Google is your friend

Naturally Produced 'Rotten Egg' Gas Helps Control Blood Pressure In Body, Researchers Find
Anyone with a nose knows the rotten-egg odor of hydrogen sulfide, a gas generated by bacteria living in the human colon. Now an international team of scientists has discovered that cells inside the blood vessels of mice — as well as in people, no doubt — naturally make the gassy stuff, and that it controls blood pressure.

Having discovered that hydrogen sulfide, or H2S, is produced in the thin, endothelial lining of blood vessels, the researchers, including scientists from Johns Hopkins, now report in Science that H2S regulates blood pressure by relaxing blood vessels. As the newest member of a family of so-called gasotransmitters, this messenger molecule is akin in function, if not form, to chemical signals like nitric oxide, dopamine and acetylcholine that relay signals between nerve cells and excite or put the brakes on mind-brain activities.

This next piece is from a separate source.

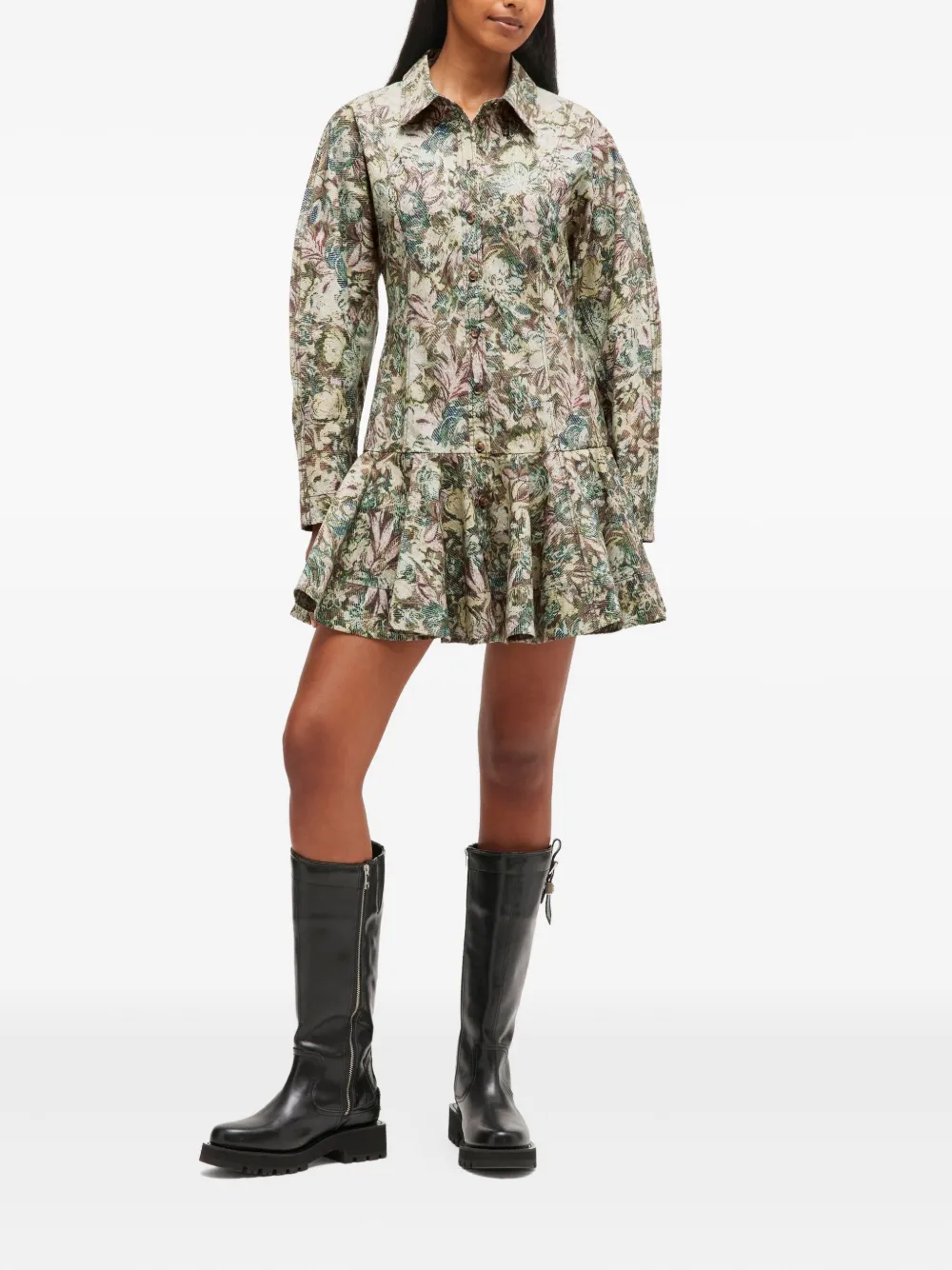 GANNI Jurk met bloemenprint en knopen - Beige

"Now that we know hydrogen sulfide's role in regulating blood pressure, it may be possible to design drug therapies that enhance its formation as an lternative to the current methods of treatment for hypertension," says Johns Hopkins
neuroscientist Solomon H. Snyder, M.D., a co-author of the paper. Conducting their investigations using mice missing a gene for an enzyme known as CSE, long suspected as responsible for making H2S, the researchers first measured
hydrogen sulfide levels in a variety of tissues in the CSE-deficient mice and compared them to normal mice. They found that the gas was largely depleted in the cardiovascular systems of the altered mice, engineered by Rui Wang, M.D., Ph.D., of Lakehead University in Ontario, and Lingyun Wu, M.D., Ph.D., of the University of Saskatchewan, Canada. By contrast, normal mice had higher levels — clear evidence that hydrogen sulfide is normally made by mammalian tissues using CSE. Next, the scientists applied tiny cuffs to the tails of the mice and measured their blood pressure, noting spikes of about 20 percent, comparable to serious hypertension in humans.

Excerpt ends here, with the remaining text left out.